We see two separate sets of regression results as well as some data helping us to unify the two regressions:
None of the AR roots are very close to 1, building confidence that we have eliminated spurious regression and random walk behavior through our differencing.
The seasonal dummies are very important in both regressions, which is no surprise.
Past values of consumption and income seem important at least through the second or third lag in each equation.
As expected, when past income has been increasing, present consumption is expected to increase.
As expected, when past consumption has been increased, present income is expected to increase.
More interestingly, changes in both income and consumption are negatively predicted by their own past values, perhaps a result of data smoothing, reporting adjustments, etc.
The two residual series are strongly cross-correlated, with \(\hat{\rho} \approx 0.61\).
In fact, we can take a look at the residuals and see how they move together. Notice the sharp downward spike in Q1 of 1980 which began an economic depression in the United Kingdom, brought about by new Thatcherite/Tory monetary policies as well as broader international shocks such as the oil crisis.
Code
matplot(seq(1956,1984.75,0.25),residuals(coninc.var),type='l',lwd=2,xlab='Year',ylab='Log value',
main='Correlated VAR residuals',lty=1,col=c('#000000','#0000ff'))
legend(x='bottomleft',bty='n',lwd=1,col=c('#000000','#0000ff'),
legend=c('Consumption','Income'))
Forecasting from this series would be easy: we have already modeled \(Y_{1,t}\) (changes in log consumption) and \(Y_{2,t}\) (changes in log income) as functions of their past values, creating a natural recursive forecasting strategy for future values:
\[\hat{\boldsymbol{y}}_{N+1} = \boldsymbol{c} + \hat{\mathbf{A}}_1 \boldsymbol{y}_N + \ldots + \hat{\mathbf{A}}_p \boldsymbol{y}_{N-p+1}\]
What have we accomplished with this reduced-form VAR?

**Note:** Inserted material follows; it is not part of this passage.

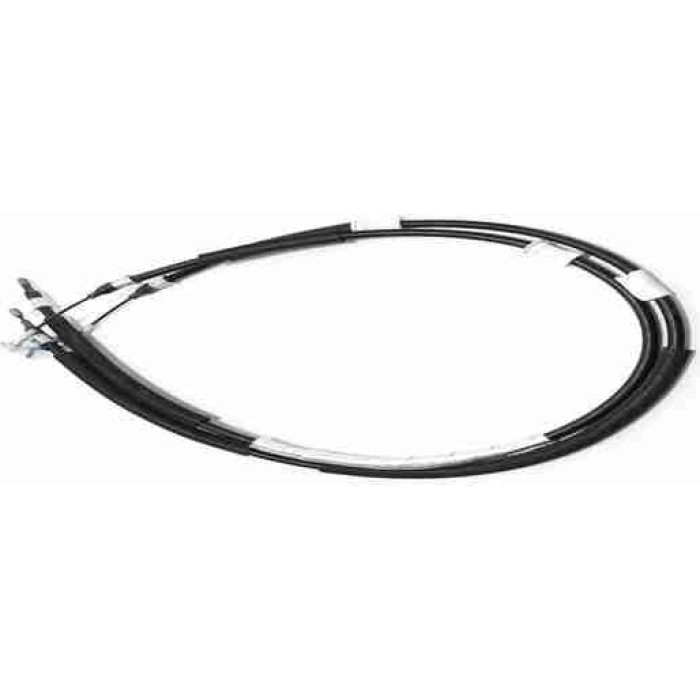 Vaico Handbremsseil V40-30054 Vaico Handbremsseil V40-30054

Estimation process is very straightforward and computationally lightweight
Explicit identification of how past lags from both series affects the current values of each series
Estimation of a cross-correlated residual
Easy recursive forecasting process
Still, this doesn’t seem much different than what we could create by fitting several autoregressive distributed lag (ADL) models to each series individually. And reduced-form VARs have two glaring weaknesses:
The model is entirely atheoretical.2 State space models, exponential smoothing models, error correction models (ECMs), and the MA terms of an ARIMA model all try to define, structure, and estimate a hidden data generating process. By constrast, VAR models simply measure the correlation between observed series (the multiple series of \(\boldsymbol{y}\) and their past values).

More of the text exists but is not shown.